Certainly Mahler seemed willing to martyr himself professionally to his own musical causes over
the course of his career. His dramatic flair and vision as a conductor helped him to move steadily
from positions at regional operatic and theatrical companies in his native Bohemia and in Germany
to music director of the Vienna Court Opera (1897), the Vienna Philharmonic (1898), and later the
New York Metropolitan Opera (1907) and New York Philharmonic (1909). Yet the same commitment to his
vision seemed inevitably to bring about some crisis between him and his employers. Viennese papers
published cartoons of the temperamental music director flailing his arms or surrounded by blaring
horns and broken bass drums, and today’s stereotypical caricature of the autocratic conductor has
its roots in part in the Viennese public’s love/hate relationship with Mahler.

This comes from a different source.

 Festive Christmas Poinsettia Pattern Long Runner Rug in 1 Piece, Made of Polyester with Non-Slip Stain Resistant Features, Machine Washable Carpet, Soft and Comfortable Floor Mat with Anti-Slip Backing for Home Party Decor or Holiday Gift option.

The son of relatively poor Bohemian parents who supported his musical training as best they could,
Mahler was able through the gift of a patron to study at the Vienna Conservatory (1875-1878), where
he met one of his early heroes, composer Anton Bruckner. Mahler was also influenced by the operas of
Weber and Wagner, and made his first splash as a composer by completing Weber’s unfinished comic
opera Die drei Pintos (1888). That same year Mahler completed his Symphony No. 1, which was
met with complete incomprehension by its premiere audiences in Budapest (1889) and Vienna (1901).

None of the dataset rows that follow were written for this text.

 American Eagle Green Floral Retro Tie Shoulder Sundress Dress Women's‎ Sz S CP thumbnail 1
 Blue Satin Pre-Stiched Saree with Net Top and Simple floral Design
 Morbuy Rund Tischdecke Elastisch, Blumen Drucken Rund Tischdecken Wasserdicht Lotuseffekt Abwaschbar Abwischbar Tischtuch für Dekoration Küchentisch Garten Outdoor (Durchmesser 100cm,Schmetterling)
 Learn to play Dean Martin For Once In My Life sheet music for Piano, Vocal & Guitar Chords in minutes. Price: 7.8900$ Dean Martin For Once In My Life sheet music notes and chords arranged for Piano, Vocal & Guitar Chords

This was to be the general response to most of his symphonies, which he wrote during his summer
holidays between conducting duties. For Mahler, though embracing the familiar Romantic philosophy of
expression of self through music, chose to express even more than his predecessors. Earlier composers
might have used themes from folk tunes or other popular music, but always transformed into classical
structure. Mahler wanted nothing less than to describe life itself in his music, and he quoted everyday
music directly, with Bohemian peasant tunes, Yiddish klezmer, student songs, and snappy military
marches making their appearance with no pretense at being other than what they were: the sort of music
that critics found “vulgar.” This, coupled with the passion and broad scope of Mahler’s own composition
and his willingness to expand the boundaries of the orchestra to encompass whatever instruments he felt
were required, no matter how surprising (Symphony No. 6 includes birch twig switch,
and a hammer), left Mahler’s audiences simply scratching their heads. Though conductors like Bruno
Walter championed Mahler’s music over the years, it wasn’t until Leonard Bernstein began promoting
Mahler’s symphonies that they became widely known and recorded.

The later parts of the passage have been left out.